I beg to disagree. In D:

    byte - 8 bits
    short - 16 bits
    int - 32 bits
    long - 64 bits
absolutely nobody is confused about this.


Because we've used those names since forever, but that's archaic random crap really. Nothing apart from maybe "byte" makes sense here, the rest is completely arbitrary historic cruft. Could as well have called the rest timmy, britney and hulk.


> Nothing apart from maybe "byte" makes sense here

Lest we forget: https://web.archive.org/web/20170403130829/http://www.bobbem...


Java uses exactly the same, and has a huge developer mindshare. While rooted in historic accidents, it's well-established.


Of course plenty of people are confused, the overhead of "short/long" just makes no sense, but yet another bad design from the past carefully preserved


Haven't run into a confused one yet, and D has been around 20 years.


That's just an indication of who you run into if you've missed people noticing/getting confused by this pretty obvious flaw


When we move into the 128-bit CPU era, will we call 128-bit integers "super long"? Maybe "elongated". Maybe "huge"?
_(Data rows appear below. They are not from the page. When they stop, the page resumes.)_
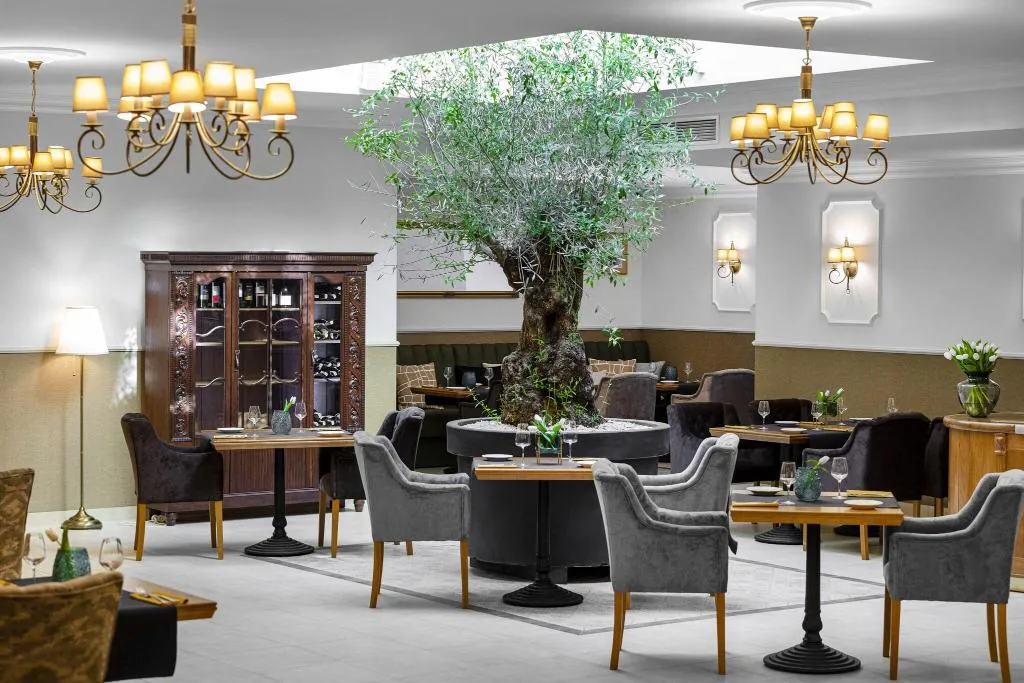 Restaurant, Ventus Rosa Boutique Aparthotel, Krakow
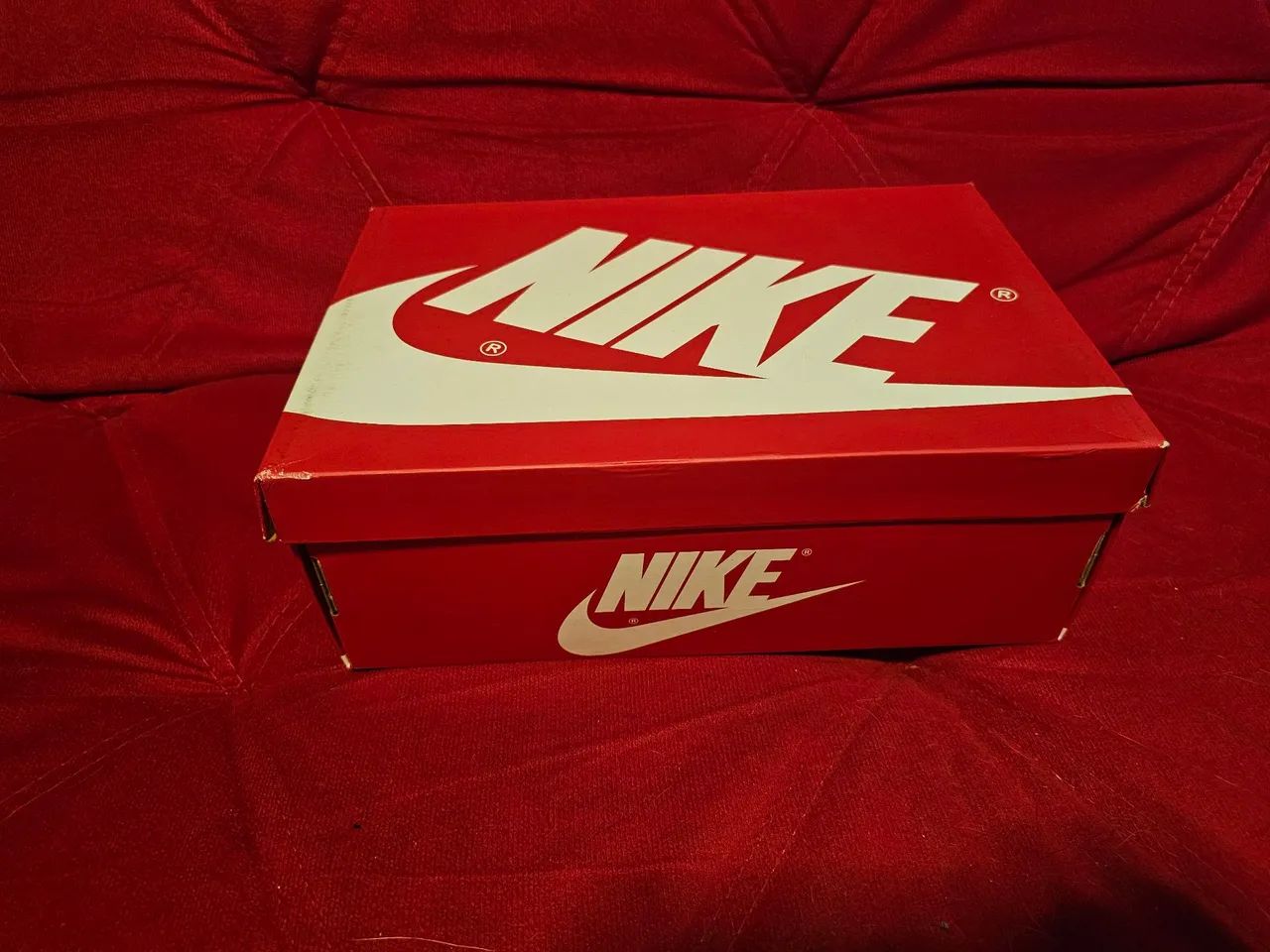 Tênis Nike Air Jordan 1 Low "UNIVERSITY RED" - Foto 5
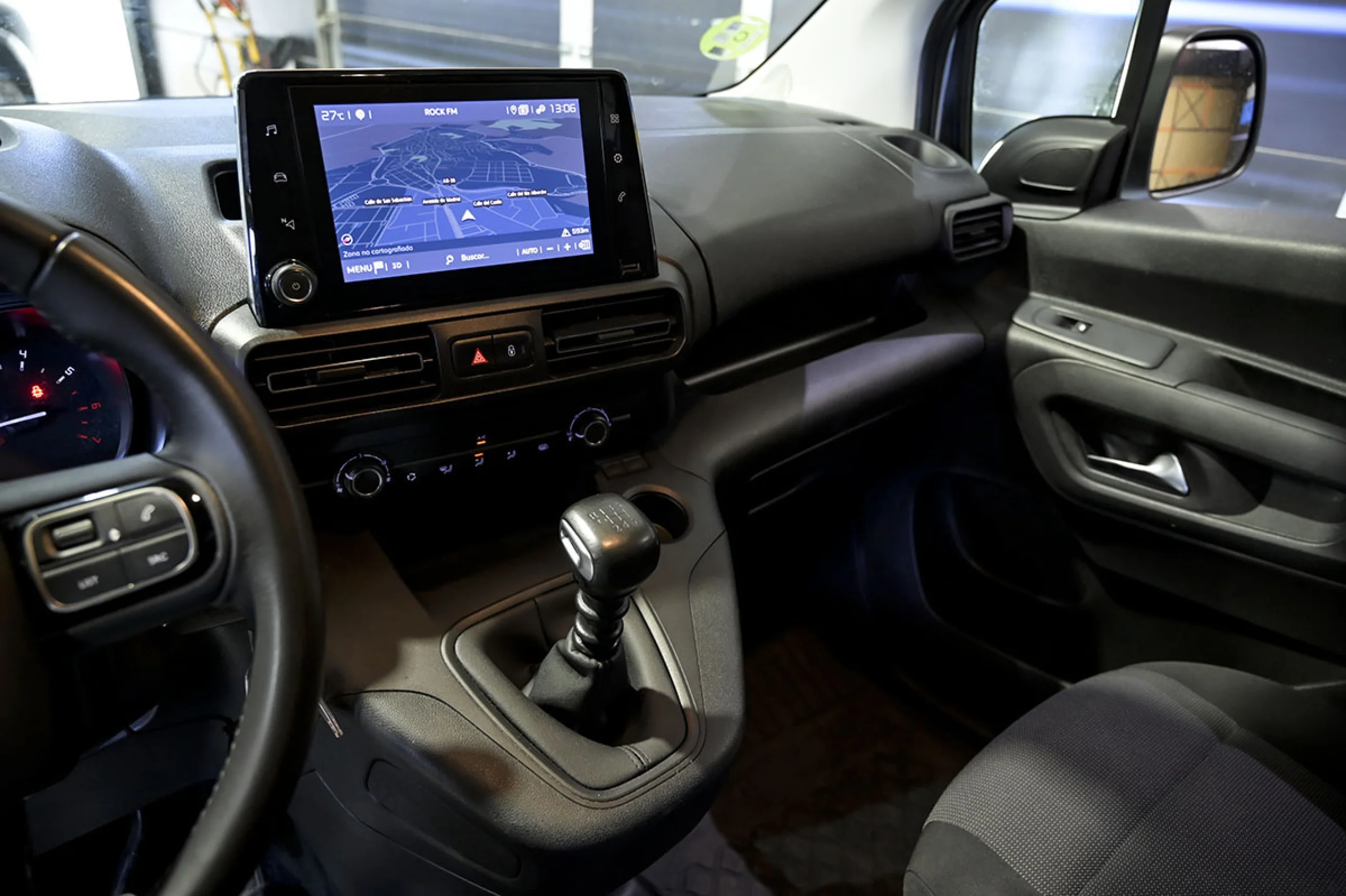 Fiat Doblo Doblò Furgon 1.5 BlueHDi 100 650kg L1H1 - Foto 27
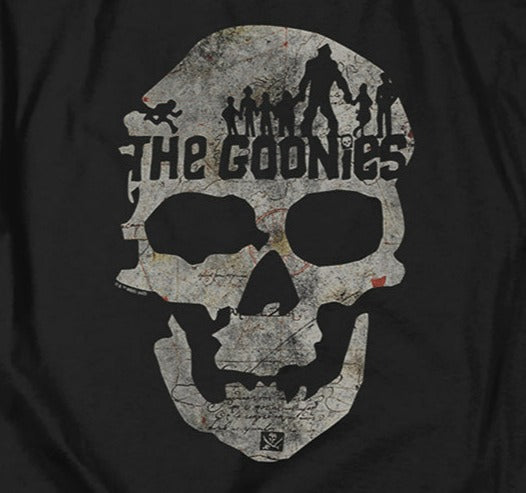 The Goonies Skull T-Shirt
Or, you know, we could just name them all by bit length and completely future-proof this system.


Why would we ever need 128-bit CPUs? I remember the PS2 had something like that (with details and caveats I don't understand), but subsequent games consoles went back to a more usual register size: https://en.wikipedia.org/wiki/128-bit_computing


All I know is we keep having this issue with saying "nah, this is it. Nobody will ever need more than this." And then inevitably the time comes when we need more.


Back in the 80s, 16 bit programmers knew that 32 bit code was coming, so they carefully crafted the code to be portable to 32 bits.

Of course, none of it worked on 32 bit machines because the programmers had never written 32 bit code before and did the portability measures all wrong.


We used to call 16-bytes a paragraph, so the nostalgic geek in me would love to see ‘para’ catch on. I never thought I’d be slinging around whole paragraphs of memory in registers!


We call them "cent" and "ucent" in D :-)


In that case D should probably start to have an internal conversation about what they're going to call 128 bits then, 'cause its going to become a thing sooner or later.

stdint already has that covered though: (u)int128_t


it has defined the type for very long: it's cent and ucent. It hasn't implemented it completely though, but named and defined it is already forever.


That's really interesting, and for me a totally unexpected name, having never seen that nomenclature before - would be interesting to see how consensus around that was arrived at - but hey, we gotta call it something! (But not DoubleQuadWord please ... )


So will the 256bit one be dollar or euro?


We'll think of something. Perhaps `bright`?


and

    ubyte - 8 bits
    ushort - 16 bits
    uint - 32 bits
    ulong - 64 bits
    ucent - 128 bits
    
    float - 32 bits
    double - 64 bits
    real - maximum precision hardware allows (80 bits on x87).


Wait, isn't long 32 bits, long long is 64 bits.